Updated on 2024-08-30 GMT+08:00

Offline Compaction Configuration

For real-time services of MOR tables, compaction plans are generated during data write. Therefore, DataArts or scripts need to be used to schedule SparkSQL to execute the generated compaction plans.

  • Execution parameter
    set hoodie.compact.inline = true; // Enable compaction.
    The set hoodie.run.compact.only.inline = true; //compaction executes only the generated plans and does not generate new plans.
    set hoodie.cleaner.commits.retained = 120; // Clearing and Retaining 120 Commits
    A maximum of 140 commit records can be retained in the set hoodie.keep.max.commits = 140; // archive.
    At least 121 commit records can be retained in the set hoodie.keep.min.commits = 121; // archive.
    set hoodie.clean.async = false; // Enable asynchronous cleanup.
    set hoodie.clean.automatic = false; //Disable the automatic cleaning function to prevent the compaction operation from starting the clean operation.
    run compaction on $tablename; //Execute the compaction plan.
    run clean on $tablename; //Run the clean operation to delete redundant versions.
    run archivelog on $tablename; //Merge and clear metadata files by running archivelog.

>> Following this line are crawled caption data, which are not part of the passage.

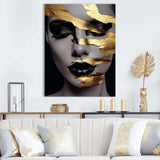 Black and golden woman Photo II - Fashion Canvas Wall Art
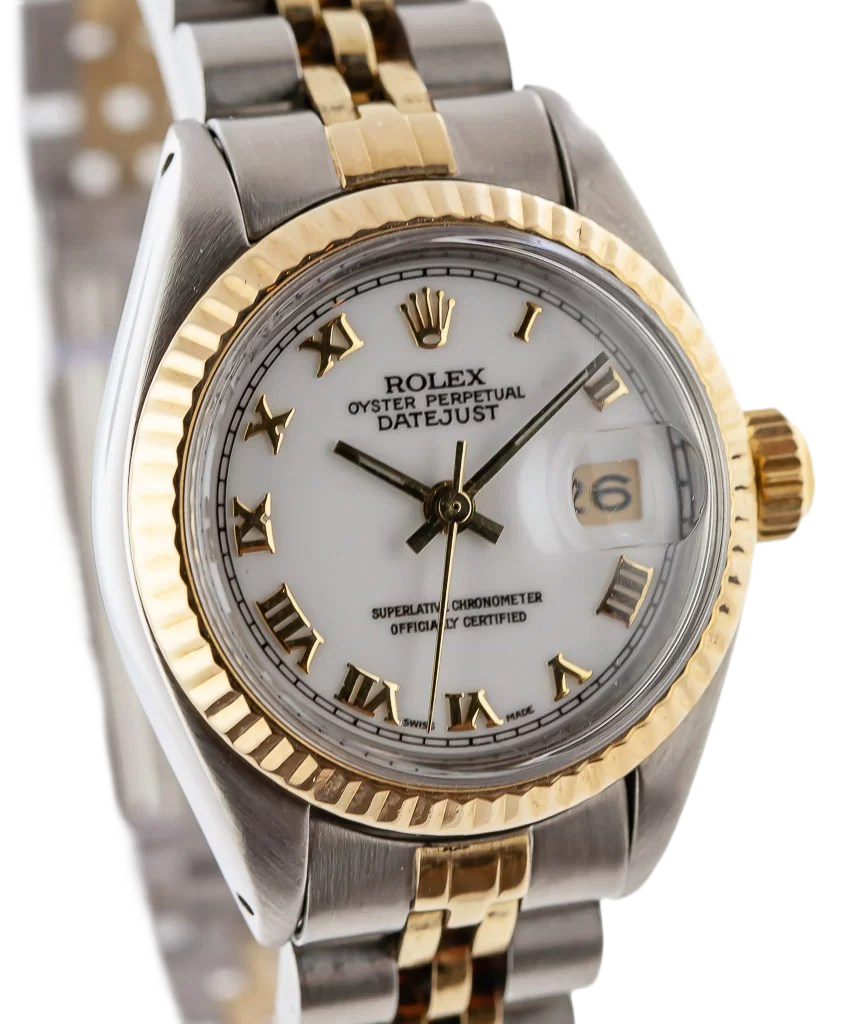 Orologio Rolex Datejust con quadrante romano e lunetta scanalata, orologio acciaio inossidabile e bracciale Jubilee in oro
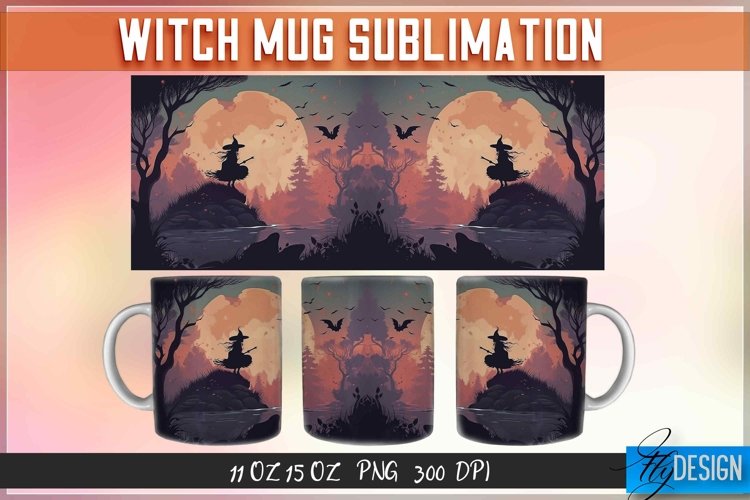 Witch Mug Sublimation | 11Oz 15Oz Halloween Witch Mug Design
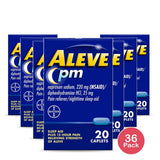 Aleve Pain Relief and Nighttime Sleep Aid Naproxen Sodium Caplets 20 Count 1.264oz (Pack of 36)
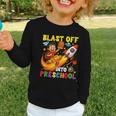 Rocket Blast Off Into Preschool Back To School Graphic Toddler Long Sleeve Tee Rocket Blast Off Into Preschool Back To School Graphic Toddler Long Sleeve Tee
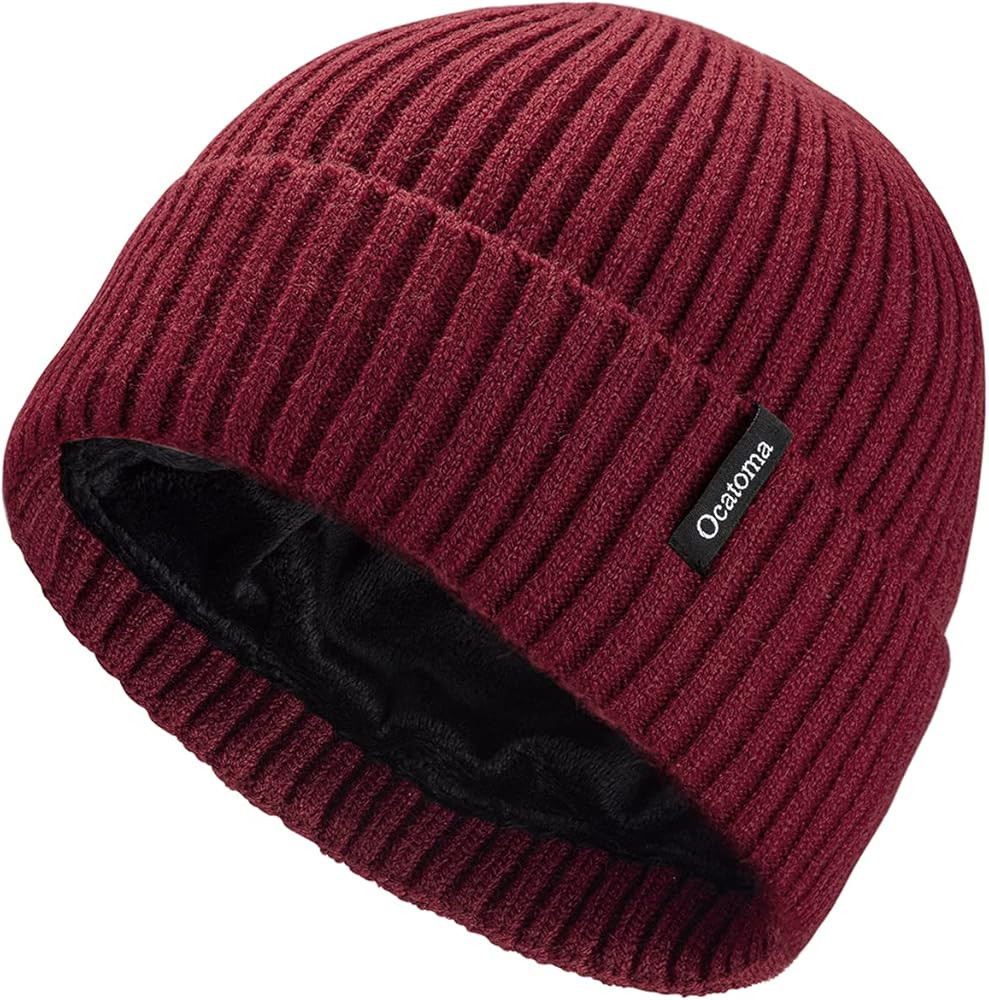 Ocatoma Beanie for Men Women Warm Winter Knit Cuffed Beanie Soft Warm Ski Hats Unisex | Amazon (US)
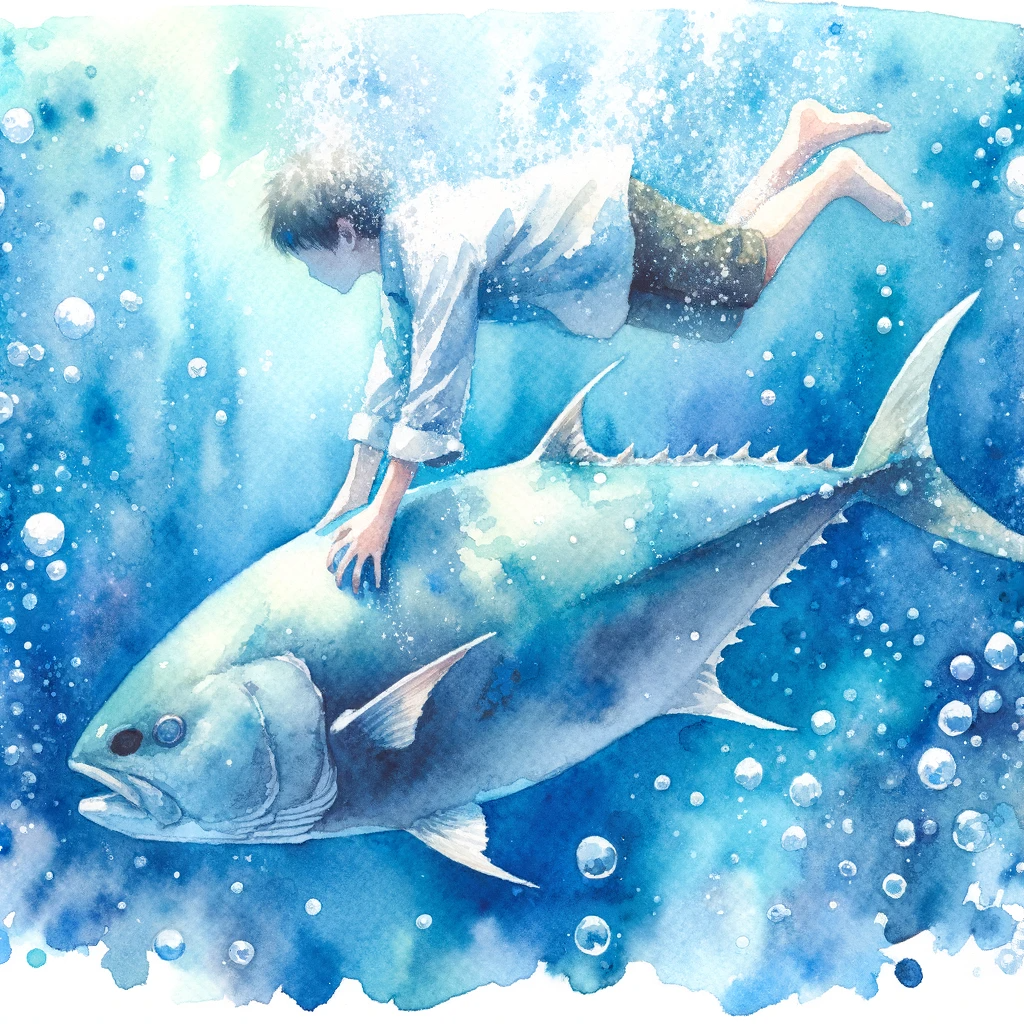 DALL·E 2023-10-22 16.05.43 - watercolor painting_ Underwater scene showing a boy's body from the shoulders down, swimming and holding onto only the triangular tail of a fish. The .png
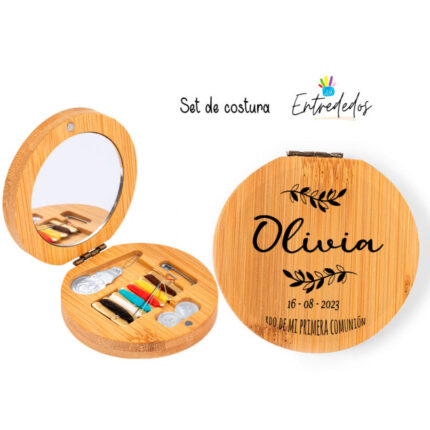 Cajita de costura de madera personalizado grabado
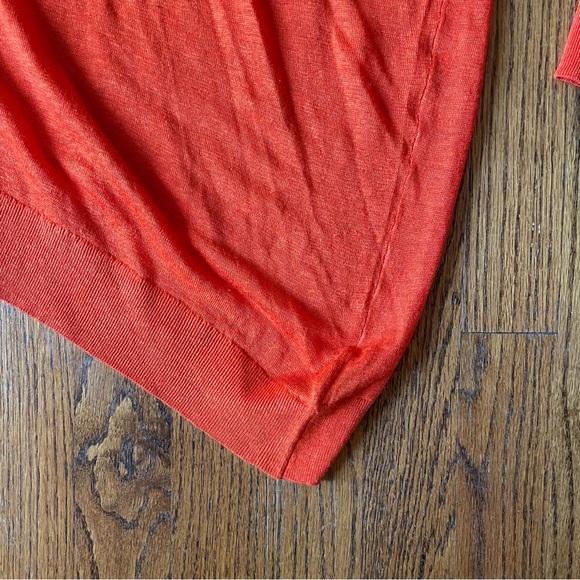 Theory orange coral asymmetrical sweater linen crew neck long sleeve medium - Picture 10 of 13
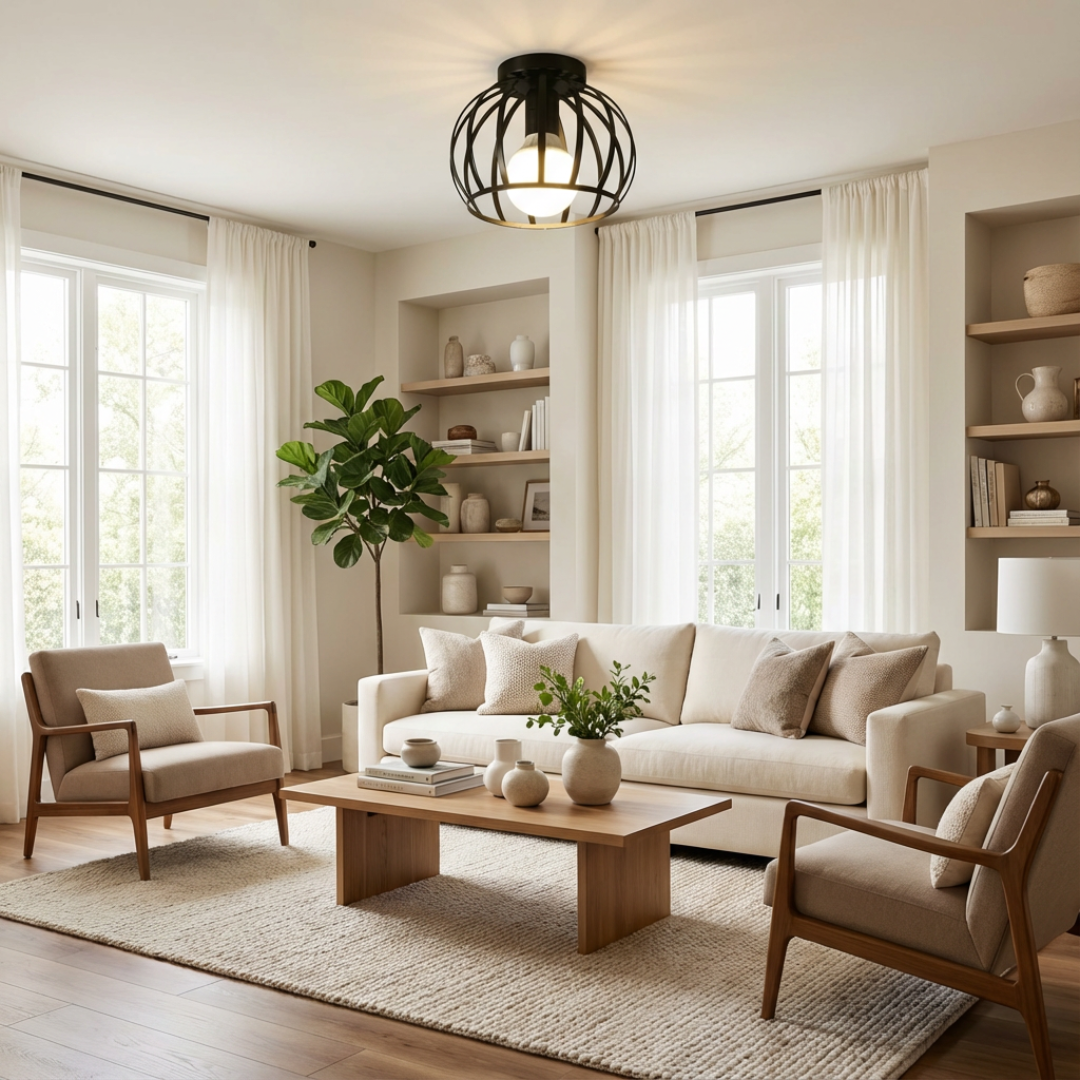 Ceiling Light | Cage Shade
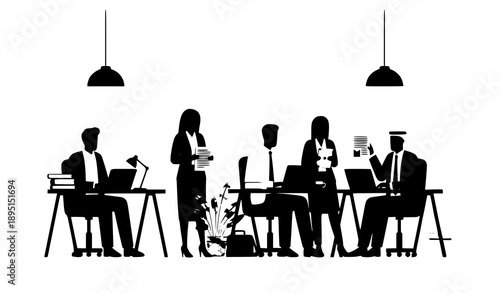 Arab professionals collaborating in modern office flat vector illustration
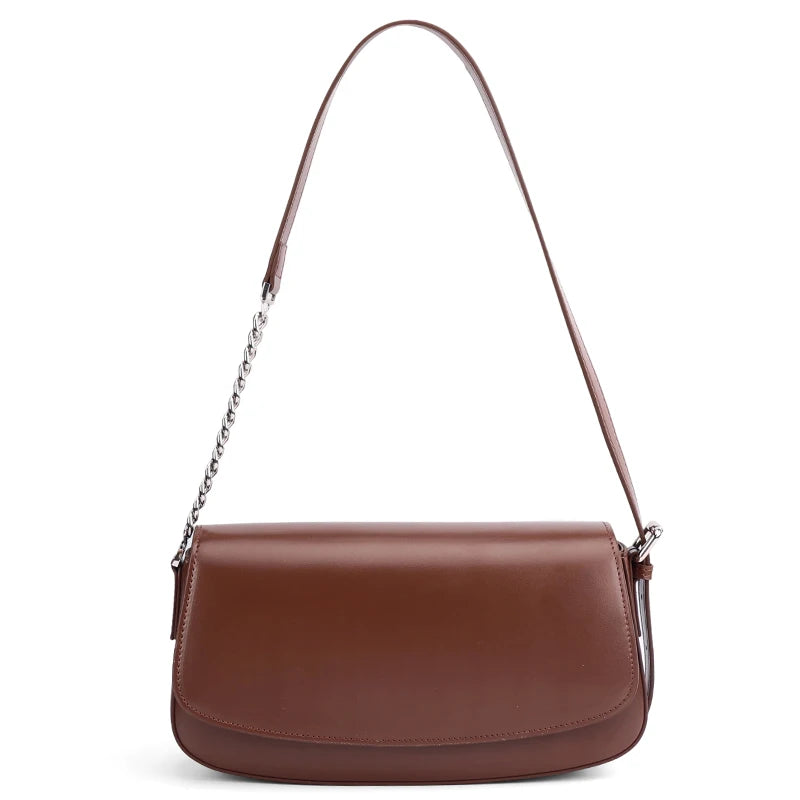 Women's Genuine Leather Minimalist Ladies Fashion retro design Flap Shoulder Bag With Chain Strap Crossbody Bag For Work Travel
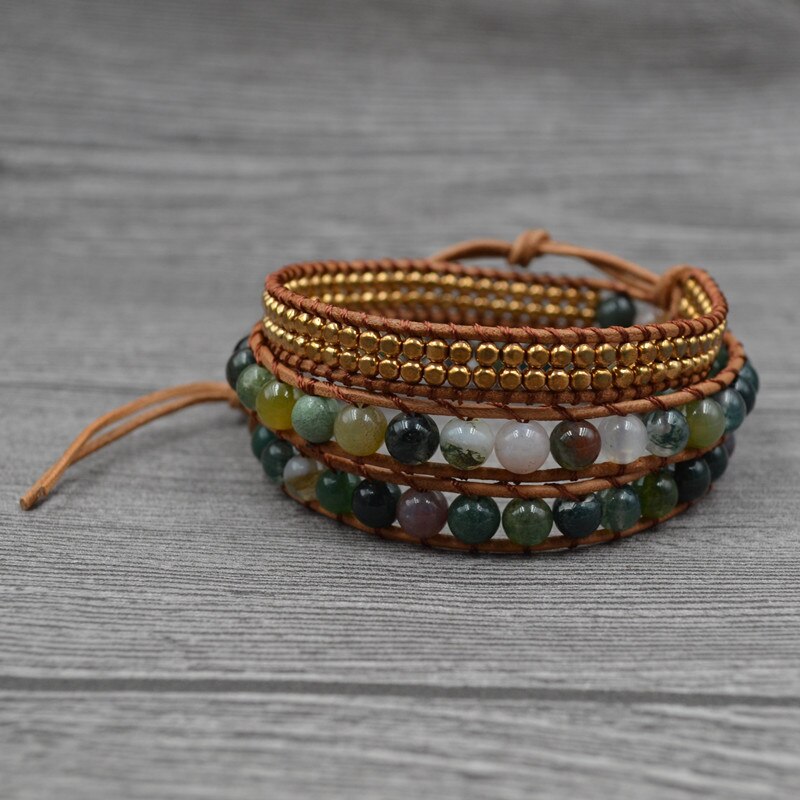 and America to restore ancient ways multilayer India stone beads manual female bracelet copper bead beaded bracelet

    Do not set the clearance and archiving parameters to a large value. Otherwise, the Hudi table performance will be affected. Therefore, you are advised to:

    Two times the number of commit operations required by the hoodie.cleaner.commits.retained = compaction

    hoodie.keep.min.commits = hoodie.cleaner.commits.retained + 1

    hoodie.keep.max.commits = hoodie.keep.min.commits + 20

    Run the clean and archive commands after the compaction command is executed. The clean and archive logs have low requirements on resources. To avoid resource waste, you can configure the compaction task as a task when DataArts is used to schedule the clean and archive logs as a task and configure different resources for the clean and archive logs to save resources.

  • Execution resource
    1. The interval for scheduling compaction plans must be smaller than the interval for generating compaction plans. For example, if a compaction plan is generated about one hour, the scheduling task for executing the compaction plan must be scheduled at least every half an hour.
    2. For the resources configured for the Compaction job, the number of vcores must be at least equal to or greater than the number of buckets in a single partition. The ratio of the number of vcores to the memory must be 1:4, that is, one vcore is configured with 4 GB memory.